Chances are you know someone with a Windows PC, and chances are you have heard them grumble about the latest piece of virus or spyware that has infected their machine. In the past, Macs were relatively free from these worries but over the last year or so there have been reports about malware targeting Macs. Now, there were a reported half a million Macs already infected by a piece of malware known as Flashback.
If you haven’t heard the news about Flashback yet, it’s a malware program that has been designed with the sole purpose of adding your computer to the ranks of its botnet—a network of computers under control of the creator of the trojan, that can be used for whatever nefarious purposes the malware creator deems fit. The real worrisome part is you could be infected and not even know it! The software doesn’t ask you for your password; it installs itself without any intervention from you. This type of “drive-by download” is most commonly found on the shadier corners of the Internet—the websites with 24/7 cams, free iPods because you are the 1,000,000th visitor, and especially sites that offer pirated softare.
Many are asking how this could happen due to the strong security inherent in Mac OS X. The answer is that, while Mac OS X itself is secure, the programs that run upon it may not be as stringent in their security measures. Runtime environments such as Java and Adobe Flash leave the user open to vulnerabilities, because each runtime environment functions as its own OS in a way; they allow code to be executed and it is this ability that is being exploited by Flashback. Flashback used a known vulnerability in Java to install itself on a user’s computer without any end-user interaction being required.
All is not lost, though, as Apple and a number of anti-virus vendors have already released tools that you can use to both check for and remove the malware.

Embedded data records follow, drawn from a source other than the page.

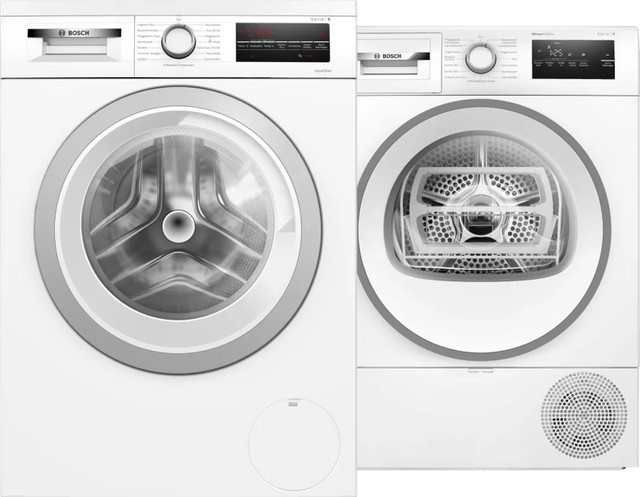 Bosch Waschmaschine WUU28T42 und Bosch Wäschetrockner WTH85VWJN Set, Wärmepumpentrockner, freistehend, Frontlader, Weiß - Bild 1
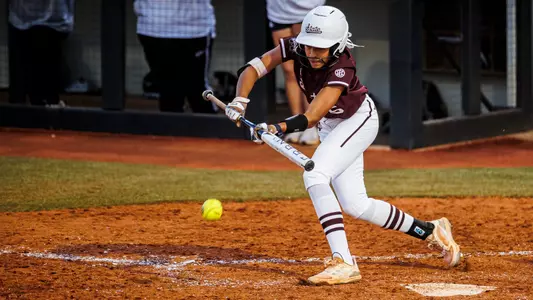 STARKVILLE, MS - October 20, 2023 - Mississippi State Infielder Jadyn Burney (#5) during the Fall World Series at Nusz Park in Starkville, MS. Photo by Ivy Rose Ball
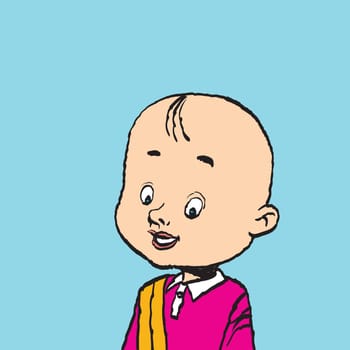 Portrait of a bald boy isolate illustration. Cartoon color illustration isolate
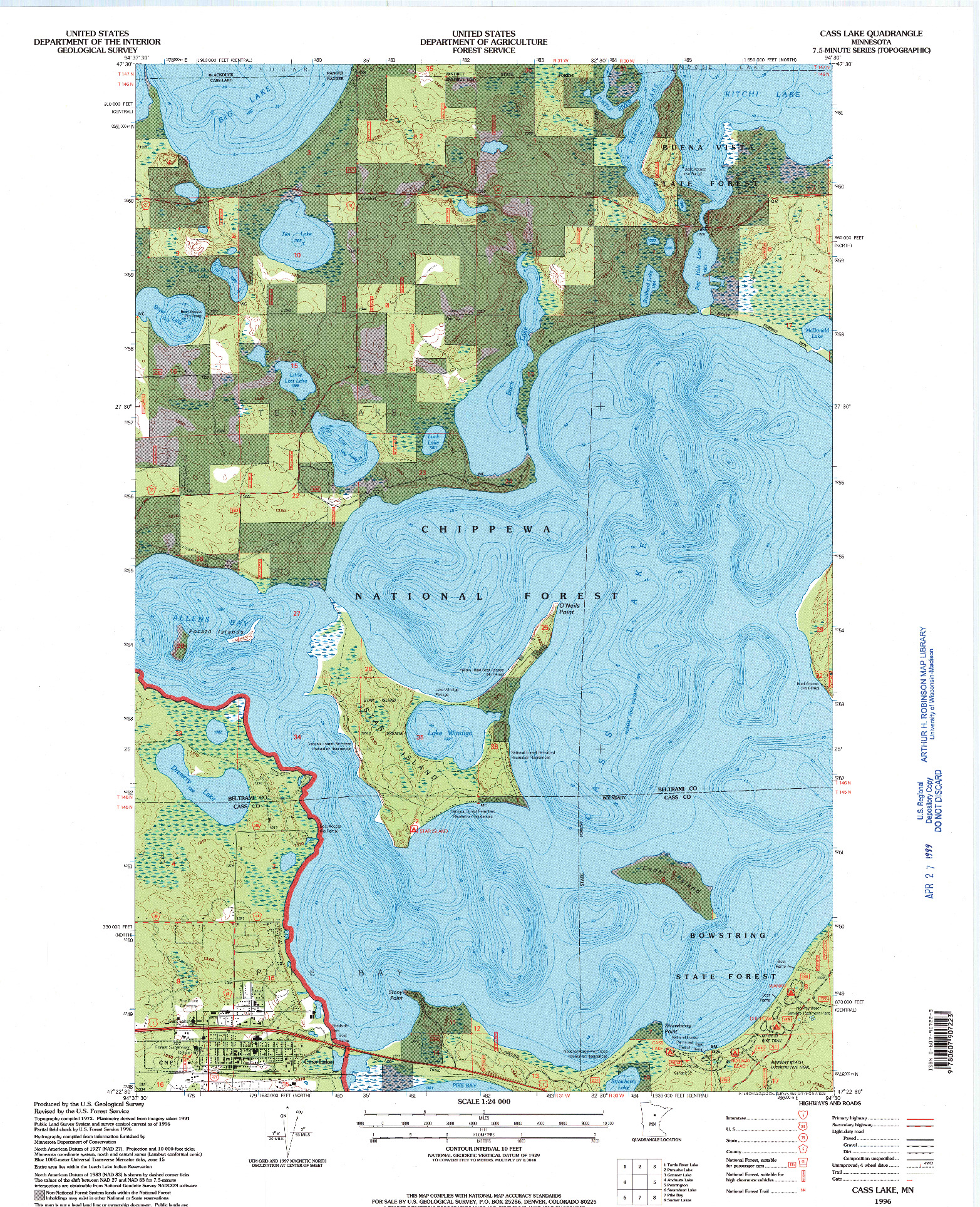 USGS 1:24000-SCALE QUADRANGLE FOR CASS LAKE, MN 1996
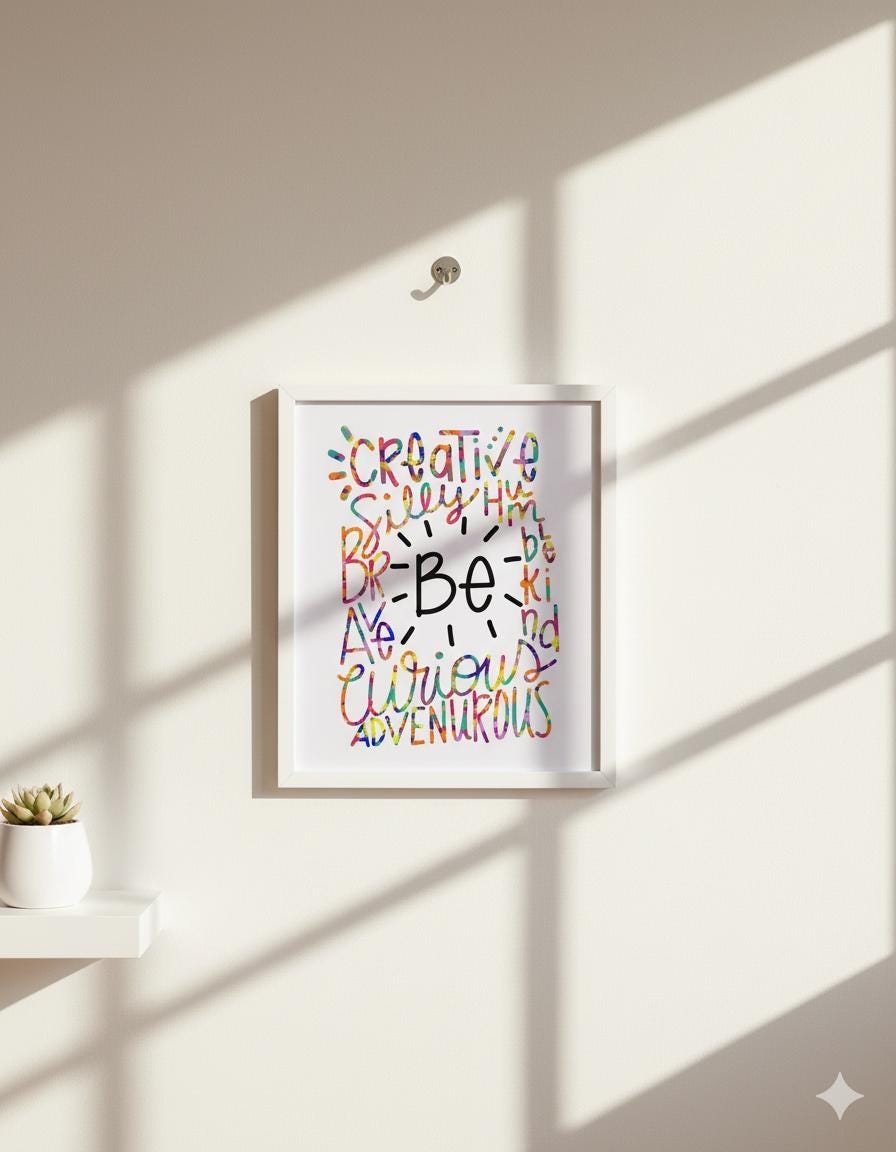 Inspirational Quote Print: Be Curious, Brave, Kind (Digital Download)
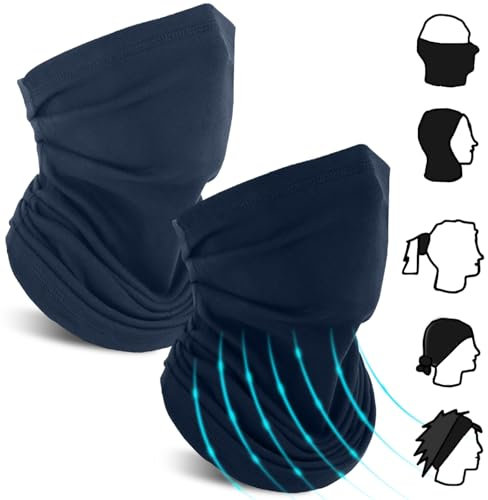 2 Stück Motorrad Halstuch Herren - Marineblau Bandana Gesichtsmaske mit Ohrschlaufen Outdoor Schal Gesichtsmaske Multifunktion Atmungsaktiv Winddicht Schlauchschal für Unisex Ski Radfahren Wandern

If you desire even greater protection you should disable Java within your browser to prevent future attacks that may use similar exploits to infect your computer. MacPerformanceGuide has an excellent guide explaining how to disable Java in your browser as well as a selection of articles on how to setup your Apple computer for maximum security.
If you absolutely need Java, then be sure to run software update and apply the new patch from Apple that closes the vulnerability in Java that allowed Flashback to run in the first place. However, this is only available to Mac OS X 10.6.x and 10.7.x users; patches are not available for earlier versions.